From reading his posts, I get the feeling that he desperately wants Rand to be a heroine in the form he imagines her and not in the form she actually was. In his form, she needs to have an uncorrupted soul, morally perfect integrity and a whole slew of Objectivist oversimplifications. The only way to justify her shortcomings and fit them to the oversimplifications is to blame Rand's shortcomings on someone else. He needs a scapegoat and PARC fits the bill. PARC is so convoluted in sounding reasonable while manipulating a large arsenal of misleading rhetorical devices that it numbs the mind. In a smarmy manner, and on a minuscule proportion by comparison, it reminds me of reading Immanuel Kant.
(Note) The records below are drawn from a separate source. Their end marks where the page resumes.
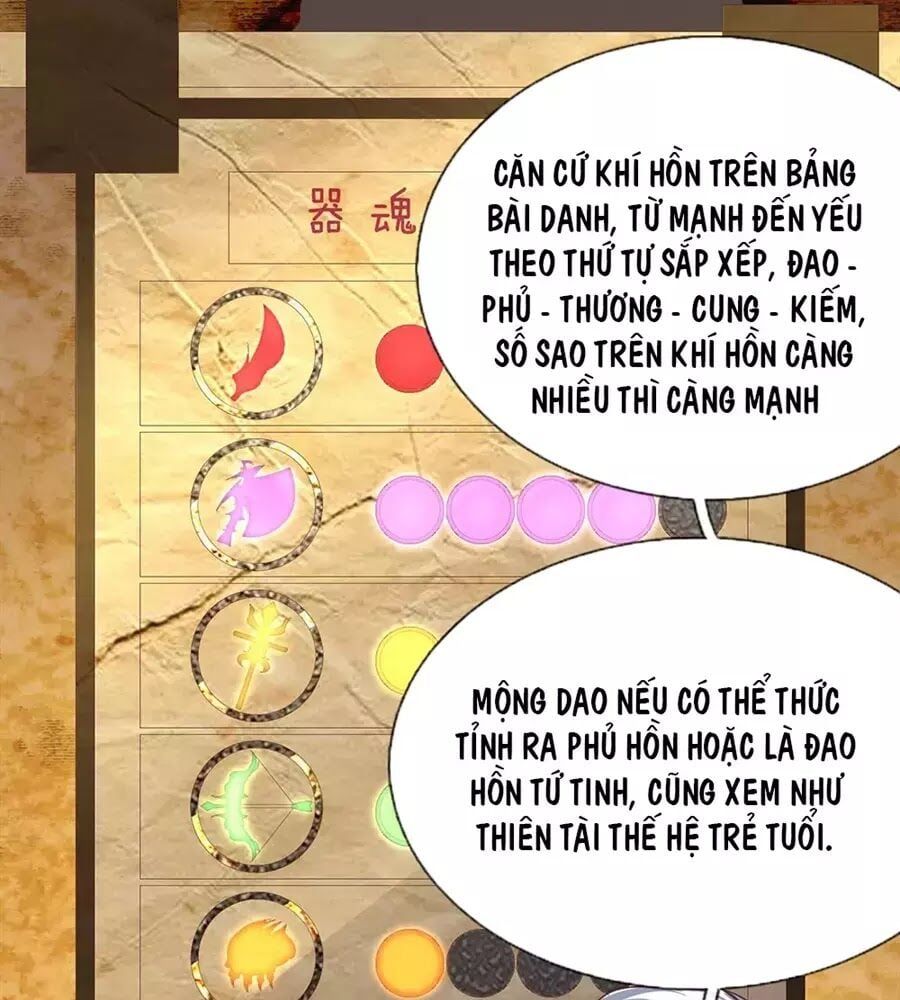 đọc truyện Tu La Kiếm Tôn Chương 1 ảnh 39 tại Giả Dược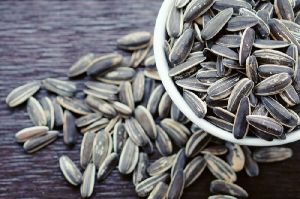 Sunflower Seeds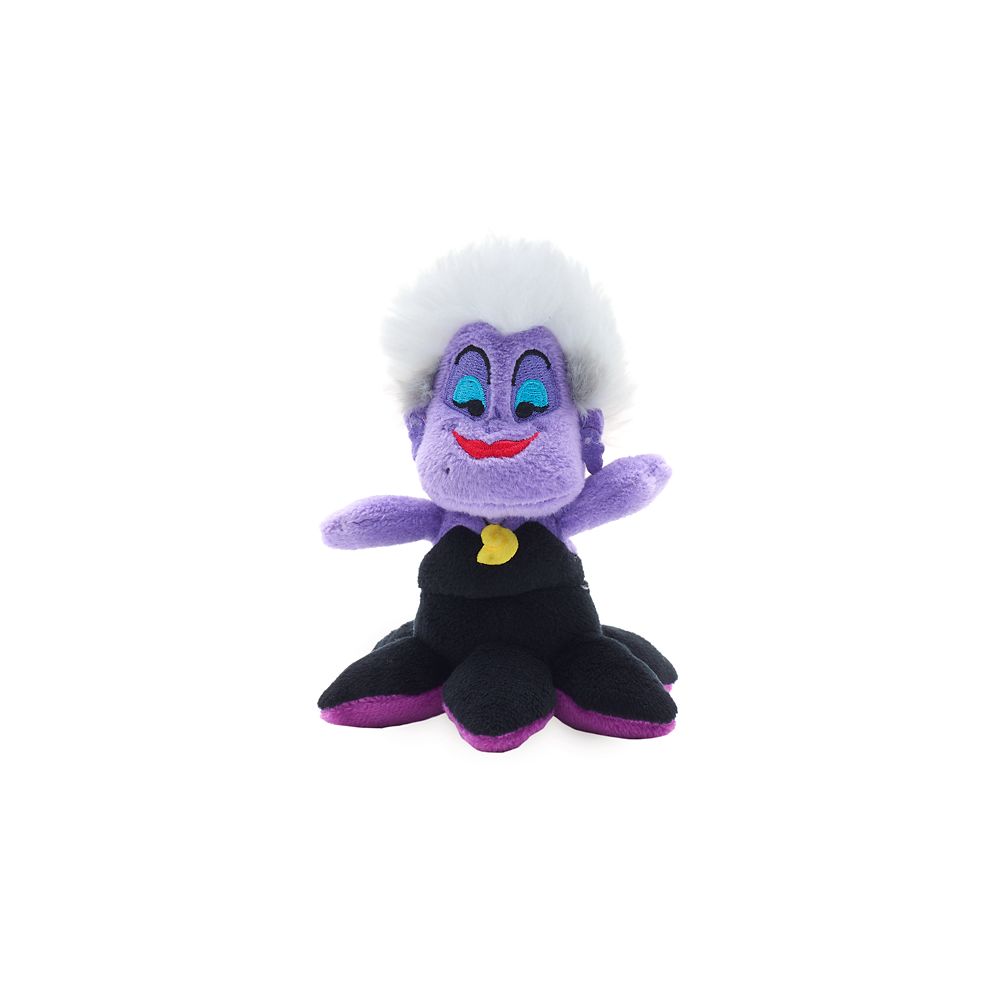 ursula plush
But James H-N is very reasonable in most every other topic, most always properly identifying what something is before evaluating it. This collides harshly with the epistemological method of holding up an image of Rand as an absolute in his mind and looking about for facts that support this. I speculate, I know, because I am not in his head, but I believe that is why you don't see him joining tribes and always qualifying his statements in a manner that looks like he is sitting on the fence.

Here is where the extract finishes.